Skip to content

v0.11.7

Compare
Choose a tag to compare
@github-actions github-actions released this 03 Oct 17:02
· 1934 commits to main since this release
6fb049f

Many important fixes for RTS/DB and the language in general!

Added

  • Bash completion is now part of the Debian packages & brew formula

Changed

  • actondb now uses a default value for gossip port of RPC port +1 [#913]
    • The gossip protocol only propagates the RPC port & parts of the
      implementation has a hard-coded assumption that the gossip port has a +1
      offset
    • In order to avoid configuration errors, the default gossip port is now RPC
      port + 1 and if another gossip port is explicitly configured, an error log
      message is emitted on startup.
    • While this is marked as a change, it could really be considered a fix as any
      other configuration of the system was invalid anyway.

Fixed

  • Fixed include path for M1
    • /opt/homebrew/include added to header include path [#892]
    • Actually fixes builds on M1!
    • This has "worked" because the only M2 where Acton was tested also had header
      files in /usr/local/include but on a fresh install it errored out.
  • Fix up-to-date check in compiler for imported modules from stdlib [#890]
  • Fix seed arg parsing in actondb that lead to "Illegal instruction" error
  • Fix nested dicts definitions [#869]
    • Now possible to directly define nested dicts
  • Avoid inconsistent view between RTS & DB in certain situations [#788]
    • If an RTS node was stopped & quickly rejoins or if a transient partition
      happens and the gossip round does not complete before the partition heals.
    • We now wait for gossip round to complete.
    • This ensures that local actor placement doesn't fail during such events.
  • Fix handling of missed timer events [#907]
    • Circumstances such as suspending the Acton RTS or resuming a system from the
      database could lead to negative timeout, i.e. sleep for less than 0 seconds.
    • The libuv timeout argument is an uint64 and feeding in a negative signed
      integer results in a value like 18446744073709550271, which roughly meant
      sleeping for 584 million years, i.e. effectively blocking the RTS timerQ.
    • It's now fixed by treating negative timeouts as 0, so we immediately wake up
      to handle the event, however late we might be.
  • Timer events now wake up WT threads after system resumption [#907]
    • Worker Threads (WT) are created in NoExist state and should transition
      into Idle once initiated, however that was missing leading to a deadlock.
    • This was masked as in most cases, a WT and will transition into Working
      once they've carried out some work and then back into Idle
    • wake_wt function, which is called to wake up a WT after a timer event is
      triggered, wakes up threads that are currently in Idle state, if they are
      in NoExist, it will do nothing.
    • If there is no work, such as the case after system resumption from the DB,
      WTs will stay in the NoExist state and then wake_wt will do nothing, so
      the system is blocked.
    • WT now properly transition into Idle.
  • Only communicate with live DB nodes from RTS DB client [#910] [#916]
    • When the RTS communicates with the DB nodes, we've broadcast messages to all
      servers we know about.

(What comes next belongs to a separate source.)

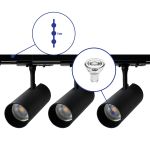 Complete Set 1-Fase Rail 1 Meter Zwart | incl. 3x Spot + GU10 2700K 3W Dimbaar + Eindkap, Voedingsconnector 
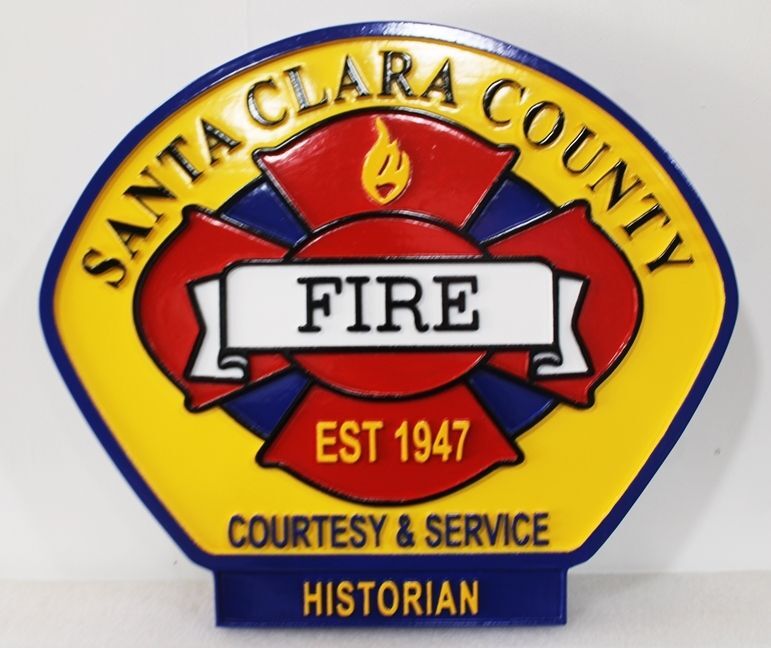 QP-3125 - Carved 2.5-D Multi-Level Plaque of  the Shoulder Patch of the Shoulder Patch of Santa Clara County Fire Department, California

If they are down, they've had their socket fd set to
      0 to signal that the server is down. However, fd=0 is not invalid, it is
      stdin, so we ended up sending data to stdin creating lots of garbage output
      on the terminal.
    • fd -1 is used to signal an invalid fd, which prevents similar mistakes.
    • The DB node status is inspected and messages are only sent to live servers.
  • Avoid segfault on resuming TCP listener & TCP listener connection [#922]
    • Invalidate fds on actor resumption [#917]
  • Remove remaining ending new lines from RTS log messages [#926]
  • Remove ending new lines from DB log messages [#932]

Testing / CI

  • Rewritten RTS / DB tests [#925] [#929]
    • More robust event handling, directly reacting when something happens, for
      example if a DB server segfaults or we see unexpected output we can abort
      the test
    • Now has much better combined output of DB & app output for simple
      correlation during failures
    • Test orchestrator now written in Acton (previously Python), at least async
      IO callback style is better supported to directly react to events...